No. The default should be that no one shares pictures of other peoples children on social media. When we were at school and social media didn’t exist, no parents were harmed by not being able to share photos online.

Kingsparkle · 12/07/2023 15:33

Are you an ‘influencer’ @PeachesOnTheBeaches ?

Swirlingdiscontent · 12/07/2023 15:33

I understand your point totally OP and parents shouldn’t share if told not to. We however had a situation where due to a safety issue similar to yours we could t take ANY photos of one of our dc class at all and I just wasn’t having that. I took them anyway and refused to delete them , I don’t have Facebook or any social media And explained that because whilst I understand the need for safeguarding I felt I also wanted photos of key moments of my dc at school events

meddysam · 12/07/2023 15:34

@PeachesOnTheBeaches is just a saddo trying to be contrary as their life is small so they need any thrill they can get.

Cindan · 12/07/2023 15:34

Willyoujustbequiet · 12/07/2023 15:30

We have to give consent to school every year for photos and social media. On that basis I would presume its fine to share.

Why would you assume that? Consent is requested for photos. Some parents say “yes” and some parents say “no”.

tigger1001 · 12/07/2023 15:34

Willyoujustbequiet · 12/07/2023 15:30

We have to give consent to school every year for photos and social media. On that basis I would presume its fine to share.
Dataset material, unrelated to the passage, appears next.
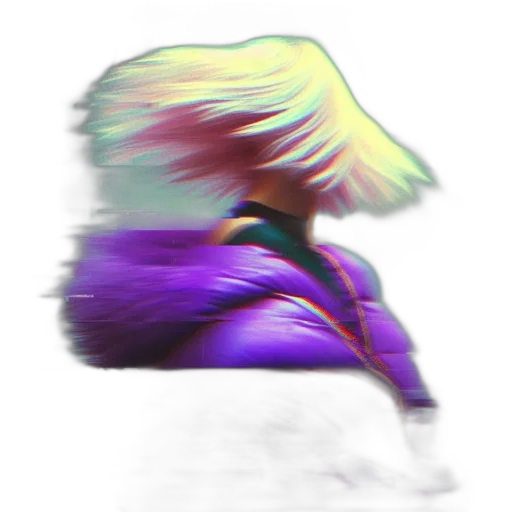 hair, jacket, creature, face, vaporwave, 3d render, cyberpunk, concept art transparent PNG cut-out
It's not ok to share though. You don't have permission from all the other parents. It's really not that hard to grasp that you don't share pictures of other kids without permission and the safest way is to ensure no other kids apart from your own are in the photo or have been blurred.
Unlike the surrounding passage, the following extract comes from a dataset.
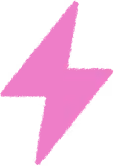Icono rosa de un rayo con bordes irregulares.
Icannot · 12/07/2023 15:35

Willyoujustbequiet · 12/07/2023 15:30

We have to give consent to school every year for photos and social media. On that basis I would presume its fine to share.

The OP said, as is the same with my school that photos are allowed but must be kept private. Also it doesn't stop at school, photos are taken at birthday parties ect. Unless I don't allow my DC to attend parties it is hard to police as I'm not always there. Surely the sensible and safe thing to do is to only share pictures of your own DC. Although given my own experiences, I would advise that it is never a good idea to share pictures of children or their person details online.